In that case, the Federal Circuit decision does not appear to square with Alice.
At the same time, the Markman Hearing construction of the term “enhancement” to mean “apply a number of field enhancements in a distributed fashion” may have snatched the claims of Amdocs from the jaws of patent ineligibility defeat by introducing a computer improving feature into the claim arguably not found in the claims in Alice (i.e., ‘distributed’ means that the network usage records are processed close to their sources before being transmitted to a centralized manager. Op at 22.)
The foregoing provides practitioners with two take-aways. The first is that the claims in Amdocs either lie on the edge of patent eligibility or are patent ineligible, as the claims in Alice were found to be by the Supreme Court.
The second is that the limitation on the term “enhancement” that was introduced during the Markman Hearing is what likely tipped the scales toward patent eligibility in this case. Whether or not the decision in Amdocs withstands an appellate challenge, Amdocs shows how introducing patent eligible limitations into a claim at a Markman Hearing may turn a prima facie patent ineligible claim into patent eligible subject matter.
Judge Reyna dissented on the grounds that the majority imported teachings of the specification not recited in the claims. “The inquiry is not whether the specifications disclose a patent eligible system, but whether the claims are directed to a patent ineligible concept.” See Dissent at 12. Judge Reyna’s comments are a recurring criticism of many § 101 decisions.

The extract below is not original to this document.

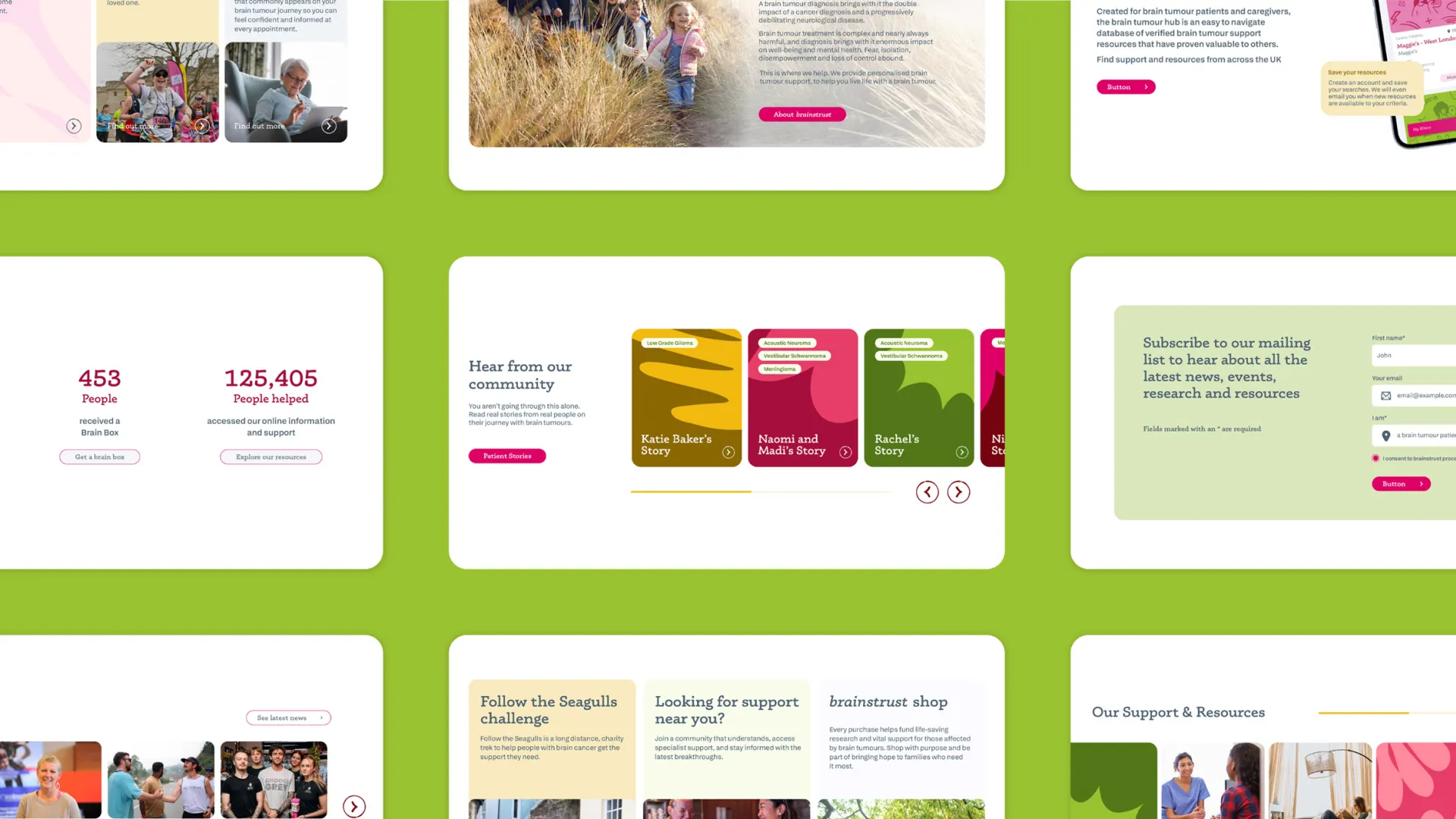 Website components laid out in a grid over a lime green background.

The parties may be planning on petitioning for en banc review by the Federal Circuit. Should it continue further, a higher appeal of the Amdocs decision would provide the Supreme Court with an excellent opportunity to fine tune the framework of Alice, particularly with respect to what makes a concept a “patent-ineligible concept” and when do recitations “transform the claim into a patent-eligible application.”
It may also create one more opportunity for the Court to reconsider the alternative tests proffered by the patent community for determining patent eligibility such as the physical or virtual links test.